### REQUIRED ACTION
Return exactly the lines from the start of the records below through the line containing "The next question", both ends included, and leave out the pictures.
[[ SOURCE INFORMATION open ]]
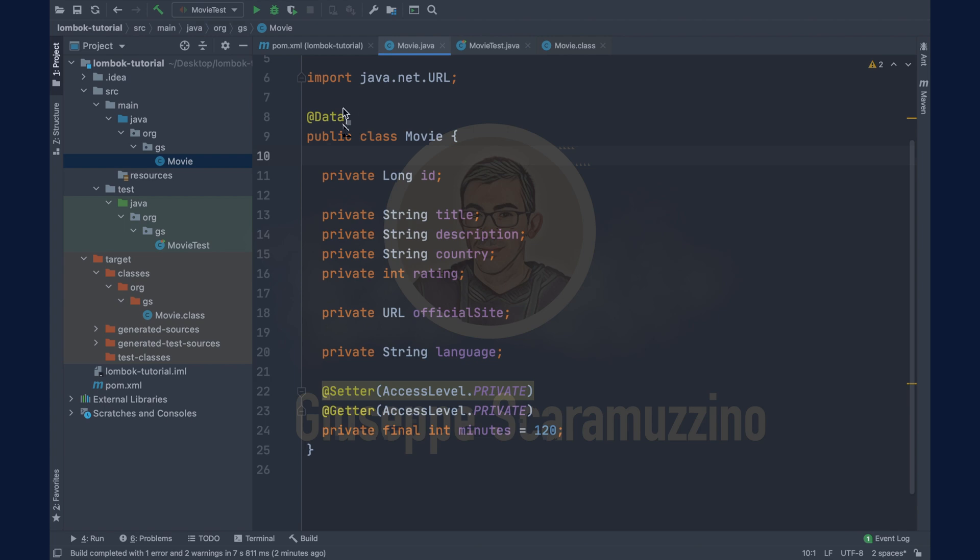You can see inside the set id, set title and set rating that project Lombok has generated for you the logic to avoid the null values. It put a simple if-else throwing a null pointer exception in case of a null value.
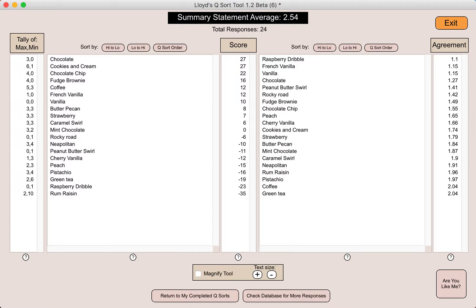The reason why that's important is everyone has to complete the QSort. If people love ice cream, they sort the flavors in the order they do, but they would probably love to eat all the flavors. Someone who does not like ice cream — maybe they have an allergy — still has to complete the very same QSort. So their statements as a group need to be considered in light of the general attitude toward the particular topic.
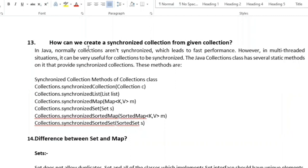The next question is: how can we create a synchronized collection from a given collection? Collections are not synchronized by default, which gives fast performance, but in multi-threaded situations synchronized collections are useful. The Java Collections class has several static methods for this: Collections.synchronizedCollection(c), Collections.synchronizedList(list), Collections.synchronizedMap(map), Collections.synchronizedSet(set), and Collections.synchronizedSortedMap().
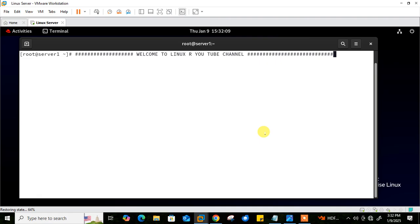In this video we will talk about shell expansions. Bash shell expansion is a powerful feature that allows you to modify and manipulate words before the shell executes a command. It is essentially a series of operations performed on words after they are passed from the command line. These expansions make writing efficient and brief scripts while providing flexibility for various tasks.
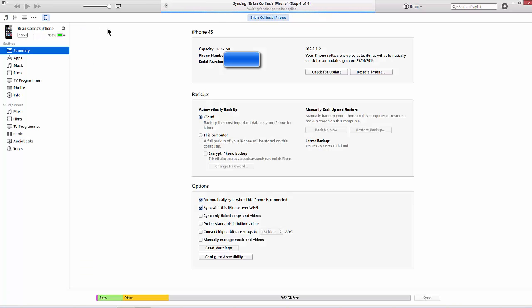So if we click on the symbol of iPhone, it tells you a bit about your iPhone, serial numbers, etc.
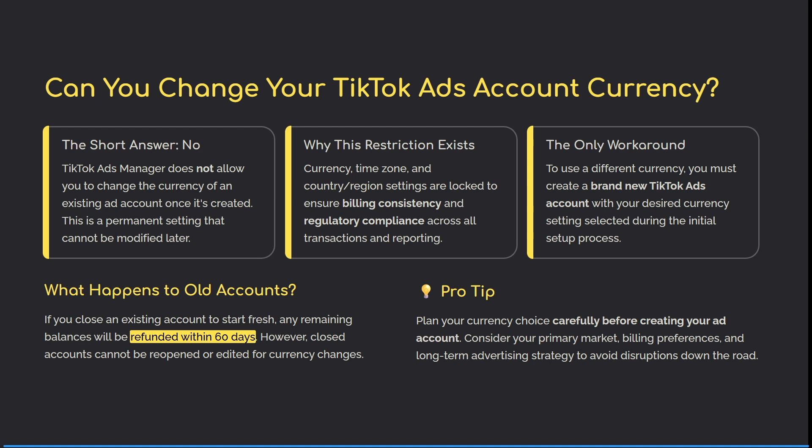Here's a pro tip: make sure you plan your currency choice carefully before creating your ad account. Consider your primary market, your billing preferences, and your long-term advertising strategies to avoid any disruptions like this down the road.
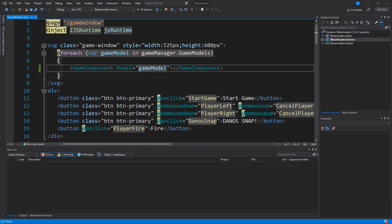Here is the code that's responsible for rendering each of those pieces on the screen. We just have a simple for each loop which iterates over all of our game models and renders them as game component components.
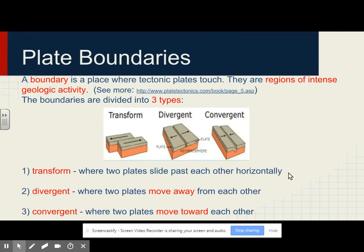A boundary is the place where tectonic plates touch — they are regions of intense geologic activity. The three boundary types are: transform boundaries, where two plates slide past each other horizontally; divergent boundaries, where two plates move away from one another; and convergent boundaries, where plates move toward each other.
[[ SOURCE INFORMATION closed ]]
### YOUR SOLUTION
You can see inside the set id, set title and set rating that project Lombok has generated for you the logic to avoid the null values. It put a simple if-else throwing a null pointer exception in case of a null value.
The reason why that's important is everyone has to complete the QSort. If people love ice cream, they sort the flavors in the order they do, but they would probably love to eat all the flavors. Someone who does not like ice cream — maybe they have an allergy — still has to complete the very same QSort. So their statements as a group need to be considered in light of the general attitude toward the particular topic.
The next question is: how can we create a synchronized collection from a given collection? Collections are not synchronized by default, which gives fast performance, but in multi-threaded situations synchronized collections are useful. The Java Collections class has several static methods for this: Collections.synchronizedCollection(c), Collections.synchronizedList(list), Collections.synchronizedMap(map), Collections.synchronizedSet(set), and Collections.synchronizedSortedMap().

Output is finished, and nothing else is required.